The following week, Val replied to Siné through his editorial ‘Israel−Palestine: quand les athées se tournent vers La Mecque’. The sardonic title should be interpreted as a direct accusation that Siné had turned into an Islamo-gauchiste. Val first admitted that he had mixed feelings about the conflict because of its many complex layers: historical, psychological, and political. After an appraisal of the exceptional cultural and intellectual richness of the Jewish population, Val referred to a sense of cosmopolitanism within Jewish identity that was lost by the act of creating a state and a nationality. Val expressed disgust at certain pro-Palestinians who thought that the Israelis were like everyone else: racist, unjust, selfish, just like the French, or the Italians. Val added that the left had just replaced the word ‘Jew’ with Israeli but used the same discourse of the interwar anti-Semitic pamphleteers. For Val, Israel was just another state capable of making the same mistakes as any other country. He further observed that those who were ‘radical pacifists’ during the war in Kosovo – which maybe a direct reference to Charb and Siné, who were reportedly the only Charlie Hebdo contributors opposed to the North Atlantic Treaty Organization (NATO) military intervention – now became supporters of Hamas and Hezbollah. 9 Finally, Val argued that Israel was not a colony, but a country built on a former Ottoman colony.
A week later, in his weekly column ‘Charb n’aime pas les gens’, Charb replied to Val. He regretted that there were anti-Semitic Nazis who used Palestinians to spread their hatred of Jews, which meant that those who did actually defend Palestinians should make more effort to defend themselves against anti-Semitic accusations (Charlie Hebdo, 2000e). Charb, as an opponent of military intervention in Kosovo, regretted the accusations against him of being a collaborator, LePenist, and pro-Milosevic. Charb observed that the debate had degraded to the point of pro-Palestinianism being equated with the SS. He then declared ‘yes, I am pro-Palestinian. Today, here, now, in this precise moment, in the face of what the Palestinian people are suffering, I am pro-Palestinian’. The Palestinians, according to Charb, were victims of a colonial war. ‘Yes, I am anti-Israel’, he added, just as he was anti-French during the Algerian War, anti-Soviet during the Afghan War, and anti-South African during apartheid. Charb concluded that all people have the right to defend themselves when they are attacked or expelled from their homes. While recognising that Hezbollah and Hamas were ‘anti-democratic, violent and fundamentalist movements’, Charb believed that their fight for the liberation of their countries was legitimate.
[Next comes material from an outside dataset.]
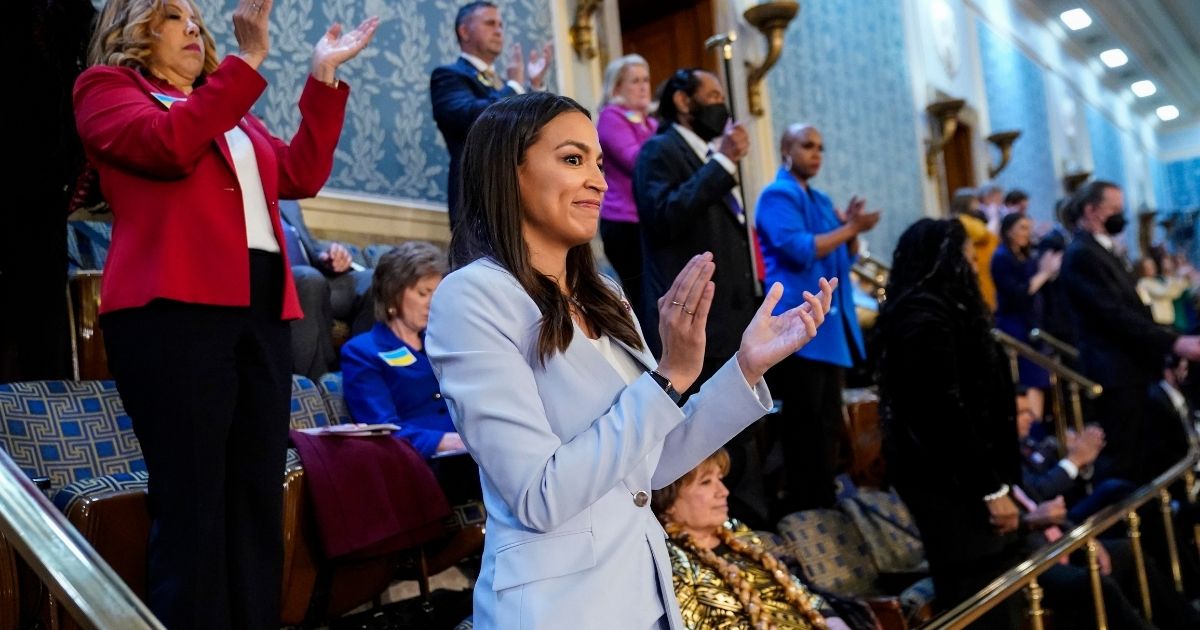 U.S. Rep. Alexandria Ocasio-Cortez, a Democrat from New York, claps as President Joe Biden delivers the State of the Union address on March 1, 2022, at the U.S. Capitol in Washington, D.C.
Soon after, Val replied to Charb and Siné, and to an abundance of angry letters he received from Charlie Hebdo’s readers. Val argued that the idea that Palestinians were the image of resistance and a fight for liberation was too romantic and did not bear any relation to reality (Charlie Hebdo, 2001a). He admitted that he had not expressed himself properly and clearly, and that what he was trying to say was that French society could not talk about anti-Semitism using the same register and the same ideas and arguments as they had done before the Dreyfus affair and after witnessing the horrors of the Holocaust. Clearly, Val succeeded in making the question of anti-Semitism a frequent and a prominent public matter. Even if he did not succeed in telling the readers what to think, he did succeed in telling them what to think about.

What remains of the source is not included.